__Saved data entries__:
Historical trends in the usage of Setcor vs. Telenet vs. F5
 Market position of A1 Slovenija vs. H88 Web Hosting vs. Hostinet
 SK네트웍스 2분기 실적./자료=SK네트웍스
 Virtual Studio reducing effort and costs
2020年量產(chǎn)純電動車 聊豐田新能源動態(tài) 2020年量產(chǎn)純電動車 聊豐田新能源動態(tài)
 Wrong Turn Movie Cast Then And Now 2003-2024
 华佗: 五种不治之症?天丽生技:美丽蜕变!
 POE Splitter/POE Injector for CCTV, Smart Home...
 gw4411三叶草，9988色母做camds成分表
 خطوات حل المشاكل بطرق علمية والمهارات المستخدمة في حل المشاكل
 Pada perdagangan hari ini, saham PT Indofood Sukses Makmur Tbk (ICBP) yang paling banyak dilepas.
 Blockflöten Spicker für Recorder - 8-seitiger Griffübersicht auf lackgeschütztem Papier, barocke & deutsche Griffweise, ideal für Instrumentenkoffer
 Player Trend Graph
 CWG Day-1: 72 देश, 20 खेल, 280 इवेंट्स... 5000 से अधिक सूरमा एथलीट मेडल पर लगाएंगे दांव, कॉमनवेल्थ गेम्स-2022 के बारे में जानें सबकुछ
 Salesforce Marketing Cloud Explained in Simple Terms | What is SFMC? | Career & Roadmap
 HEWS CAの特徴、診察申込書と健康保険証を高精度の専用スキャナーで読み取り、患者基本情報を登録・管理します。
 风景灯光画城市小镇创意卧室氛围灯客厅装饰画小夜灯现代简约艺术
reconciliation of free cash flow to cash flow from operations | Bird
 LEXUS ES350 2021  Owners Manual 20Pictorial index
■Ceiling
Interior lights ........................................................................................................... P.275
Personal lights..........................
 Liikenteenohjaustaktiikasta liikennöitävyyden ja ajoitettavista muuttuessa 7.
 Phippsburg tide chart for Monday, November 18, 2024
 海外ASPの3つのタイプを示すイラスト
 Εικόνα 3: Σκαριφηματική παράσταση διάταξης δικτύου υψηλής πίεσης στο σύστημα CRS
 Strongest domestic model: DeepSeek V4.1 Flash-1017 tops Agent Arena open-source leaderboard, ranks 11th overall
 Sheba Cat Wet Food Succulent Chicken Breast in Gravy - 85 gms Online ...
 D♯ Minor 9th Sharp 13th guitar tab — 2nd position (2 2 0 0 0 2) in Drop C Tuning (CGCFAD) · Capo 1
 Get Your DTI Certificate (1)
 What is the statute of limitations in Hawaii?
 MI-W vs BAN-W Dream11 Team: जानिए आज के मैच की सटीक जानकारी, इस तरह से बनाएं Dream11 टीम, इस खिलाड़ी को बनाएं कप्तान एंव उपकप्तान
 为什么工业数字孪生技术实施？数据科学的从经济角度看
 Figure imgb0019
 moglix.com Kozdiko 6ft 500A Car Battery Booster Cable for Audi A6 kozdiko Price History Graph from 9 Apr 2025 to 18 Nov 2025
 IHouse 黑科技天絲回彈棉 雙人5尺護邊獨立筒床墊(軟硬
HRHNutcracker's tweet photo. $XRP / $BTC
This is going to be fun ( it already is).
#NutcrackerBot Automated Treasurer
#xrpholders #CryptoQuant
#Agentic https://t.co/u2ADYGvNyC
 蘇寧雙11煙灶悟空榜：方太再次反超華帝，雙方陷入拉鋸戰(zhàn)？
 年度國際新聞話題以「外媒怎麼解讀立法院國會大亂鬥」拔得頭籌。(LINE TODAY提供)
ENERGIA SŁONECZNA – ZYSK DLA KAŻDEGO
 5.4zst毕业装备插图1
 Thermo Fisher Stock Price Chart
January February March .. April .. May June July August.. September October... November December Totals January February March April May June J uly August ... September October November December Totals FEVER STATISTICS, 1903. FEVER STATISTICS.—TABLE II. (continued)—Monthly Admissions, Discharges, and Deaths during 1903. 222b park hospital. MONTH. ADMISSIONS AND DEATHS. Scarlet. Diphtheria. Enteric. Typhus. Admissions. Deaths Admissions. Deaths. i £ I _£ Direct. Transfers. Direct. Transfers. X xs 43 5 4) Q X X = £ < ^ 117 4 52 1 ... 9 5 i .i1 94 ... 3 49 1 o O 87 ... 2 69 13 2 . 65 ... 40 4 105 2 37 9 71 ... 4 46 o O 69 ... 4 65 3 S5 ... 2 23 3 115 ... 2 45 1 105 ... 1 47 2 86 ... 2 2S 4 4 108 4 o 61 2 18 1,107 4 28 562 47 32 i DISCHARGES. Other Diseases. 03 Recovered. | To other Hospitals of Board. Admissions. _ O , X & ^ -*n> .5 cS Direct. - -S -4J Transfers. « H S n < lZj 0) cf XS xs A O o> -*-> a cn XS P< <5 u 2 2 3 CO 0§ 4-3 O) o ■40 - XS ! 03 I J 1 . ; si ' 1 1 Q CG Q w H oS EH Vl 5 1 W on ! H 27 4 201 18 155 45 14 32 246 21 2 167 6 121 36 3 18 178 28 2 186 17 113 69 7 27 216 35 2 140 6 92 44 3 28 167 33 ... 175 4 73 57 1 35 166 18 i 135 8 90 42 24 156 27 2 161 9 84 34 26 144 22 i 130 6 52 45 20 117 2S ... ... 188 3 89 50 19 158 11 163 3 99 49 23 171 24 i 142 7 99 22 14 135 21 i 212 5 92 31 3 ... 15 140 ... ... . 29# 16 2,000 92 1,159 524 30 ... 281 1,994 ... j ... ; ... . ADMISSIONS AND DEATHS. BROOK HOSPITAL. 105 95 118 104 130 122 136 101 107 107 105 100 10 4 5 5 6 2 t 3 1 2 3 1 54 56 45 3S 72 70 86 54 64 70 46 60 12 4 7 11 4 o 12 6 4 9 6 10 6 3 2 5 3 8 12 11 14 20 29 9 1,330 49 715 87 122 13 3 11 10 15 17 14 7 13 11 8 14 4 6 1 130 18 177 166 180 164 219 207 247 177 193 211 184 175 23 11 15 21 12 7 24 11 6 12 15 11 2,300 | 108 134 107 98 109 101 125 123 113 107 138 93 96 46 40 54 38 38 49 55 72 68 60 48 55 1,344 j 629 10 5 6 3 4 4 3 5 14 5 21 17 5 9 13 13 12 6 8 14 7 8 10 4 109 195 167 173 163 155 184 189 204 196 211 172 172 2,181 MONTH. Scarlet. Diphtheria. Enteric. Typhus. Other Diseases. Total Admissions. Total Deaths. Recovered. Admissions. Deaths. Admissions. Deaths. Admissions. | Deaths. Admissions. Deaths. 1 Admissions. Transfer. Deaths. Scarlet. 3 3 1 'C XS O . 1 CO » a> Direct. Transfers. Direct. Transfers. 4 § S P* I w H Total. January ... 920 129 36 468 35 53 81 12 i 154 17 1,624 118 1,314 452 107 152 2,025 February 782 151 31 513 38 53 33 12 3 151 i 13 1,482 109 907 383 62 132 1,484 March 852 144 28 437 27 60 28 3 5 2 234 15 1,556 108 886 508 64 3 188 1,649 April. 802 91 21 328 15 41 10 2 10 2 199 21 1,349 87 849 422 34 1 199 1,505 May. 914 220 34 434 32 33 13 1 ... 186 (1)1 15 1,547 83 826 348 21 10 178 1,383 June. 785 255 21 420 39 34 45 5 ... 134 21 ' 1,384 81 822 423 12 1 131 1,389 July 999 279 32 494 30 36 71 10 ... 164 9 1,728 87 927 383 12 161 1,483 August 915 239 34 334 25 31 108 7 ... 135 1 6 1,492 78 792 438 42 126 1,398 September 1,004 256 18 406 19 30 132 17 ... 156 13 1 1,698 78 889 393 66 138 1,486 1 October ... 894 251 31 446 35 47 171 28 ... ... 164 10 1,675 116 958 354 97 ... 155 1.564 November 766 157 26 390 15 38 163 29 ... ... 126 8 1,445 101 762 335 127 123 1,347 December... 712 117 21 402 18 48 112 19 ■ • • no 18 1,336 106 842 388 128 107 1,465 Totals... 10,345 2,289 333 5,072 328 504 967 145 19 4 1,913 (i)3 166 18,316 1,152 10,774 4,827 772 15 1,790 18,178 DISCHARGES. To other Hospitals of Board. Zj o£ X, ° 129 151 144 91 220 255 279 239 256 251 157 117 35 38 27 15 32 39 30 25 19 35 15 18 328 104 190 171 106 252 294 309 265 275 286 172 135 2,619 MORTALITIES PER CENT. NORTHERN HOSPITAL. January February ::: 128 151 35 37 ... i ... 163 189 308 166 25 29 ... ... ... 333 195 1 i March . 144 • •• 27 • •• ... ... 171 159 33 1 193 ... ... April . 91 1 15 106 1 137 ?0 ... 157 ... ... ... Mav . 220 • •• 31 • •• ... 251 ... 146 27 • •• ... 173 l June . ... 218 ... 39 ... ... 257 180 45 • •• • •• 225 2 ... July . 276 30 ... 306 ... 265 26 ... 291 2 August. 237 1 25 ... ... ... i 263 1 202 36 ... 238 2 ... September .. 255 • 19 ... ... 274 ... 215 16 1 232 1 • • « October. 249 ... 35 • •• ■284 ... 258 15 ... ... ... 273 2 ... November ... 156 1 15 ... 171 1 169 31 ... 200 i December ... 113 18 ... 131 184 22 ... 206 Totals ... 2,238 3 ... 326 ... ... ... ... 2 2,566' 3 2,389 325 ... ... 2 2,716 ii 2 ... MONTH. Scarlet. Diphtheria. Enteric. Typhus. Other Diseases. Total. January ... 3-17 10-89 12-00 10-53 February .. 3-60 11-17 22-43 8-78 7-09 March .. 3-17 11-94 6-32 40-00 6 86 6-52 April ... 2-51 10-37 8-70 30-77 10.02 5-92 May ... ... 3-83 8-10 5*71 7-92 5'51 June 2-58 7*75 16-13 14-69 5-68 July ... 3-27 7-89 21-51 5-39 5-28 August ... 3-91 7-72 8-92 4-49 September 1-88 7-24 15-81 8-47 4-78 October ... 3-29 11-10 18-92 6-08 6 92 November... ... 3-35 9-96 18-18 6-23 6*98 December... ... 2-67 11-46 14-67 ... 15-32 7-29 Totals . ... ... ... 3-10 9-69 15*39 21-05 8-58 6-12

__EXERCISE__: Please copy the lines above from the line with "蘇寧雙11煙灶悟空榜：方太再次反超華帝，雙方陷入拉鋸戰(zhàn)？" up to and including the line with "Thermo Fisher Stock Price Chart", exactly as written and with nothing else.

__ANSWER SECTION__:
 蘇寧雙11煙灶悟空榜：方太再次反超華帝，雙方陷入拉鋸戰(zhàn)？
 年度國際新聞話題以「外媒怎麼解讀立法院國會大亂鬥」拔得頭籌。(LINE TODAY提供)
ENERGIA SŁONECZNA – ZYSK DLA KAŻDEGO
 5.4zst毕业装备插图1
 Thermo Fisher Stock Price Chart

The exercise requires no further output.